DIRECTIONS: Skip the pictures and repeat each line of the data exactly.

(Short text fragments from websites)
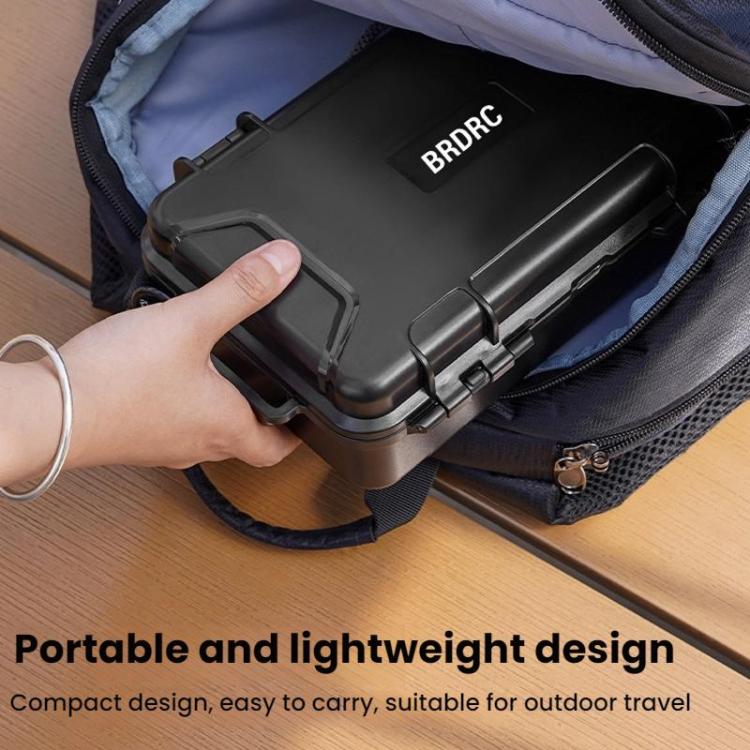 TBD06061489_B2.jpg@815922749bd50f3c6e241d0a26850c74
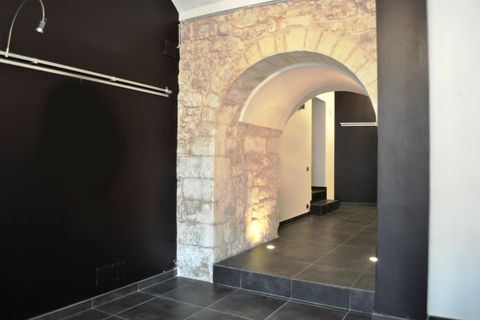Lejlighed i Modica, Ragusa, Modica - € 120.000 | Ref: 10743 - foto 3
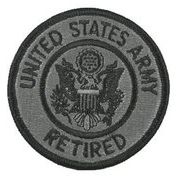 Profile Picture of David Kunstek Sr. (@bkunstek) on Pinterest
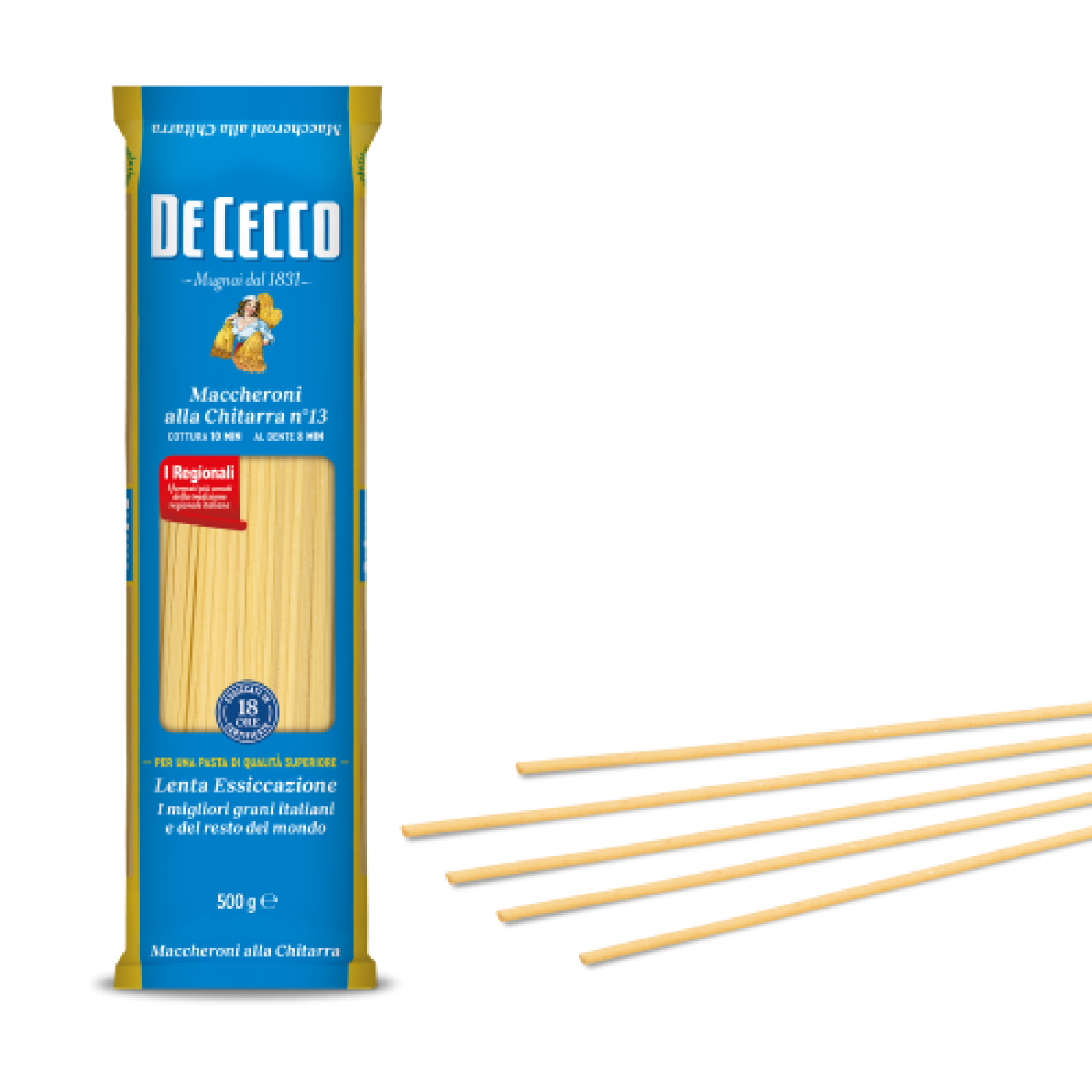 product_10269_1750768800_1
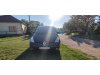 Slika 5 - Renault Espace 2.0 dci  - MojAuto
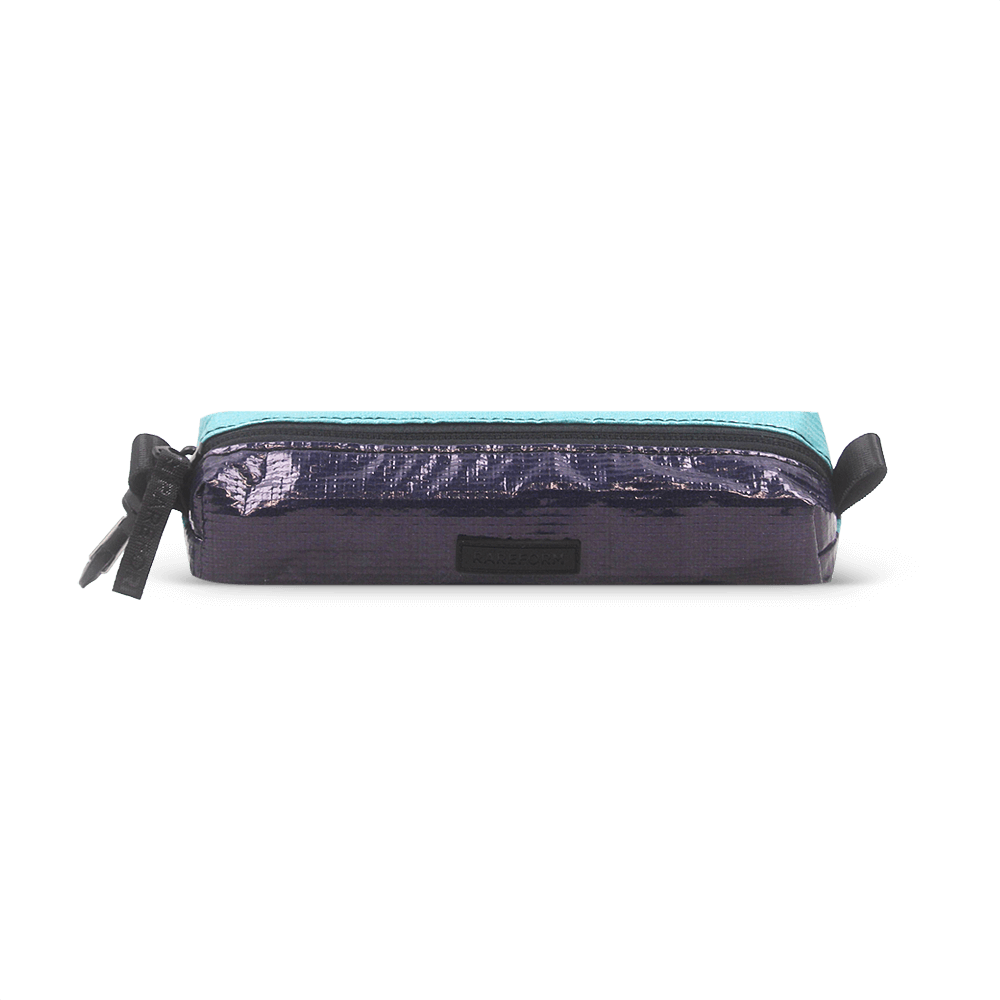 Utility Pouch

WORKED SOLUTION:
 TBD06061489_B2.jpg@815922749bd50f3c6e241d0a26850c74
Lejlighed i Modica, Ragusa, Modica - € 120.000 | Ref: 10743 - foto 3
 Profile Picture of David Kunstek Sr. (@bkunstek) on Pinterest
 product_10269_1750768800_1
 Slika 5 - Renault Espace 2.0 dci  - MojAuto
 Utility Pouch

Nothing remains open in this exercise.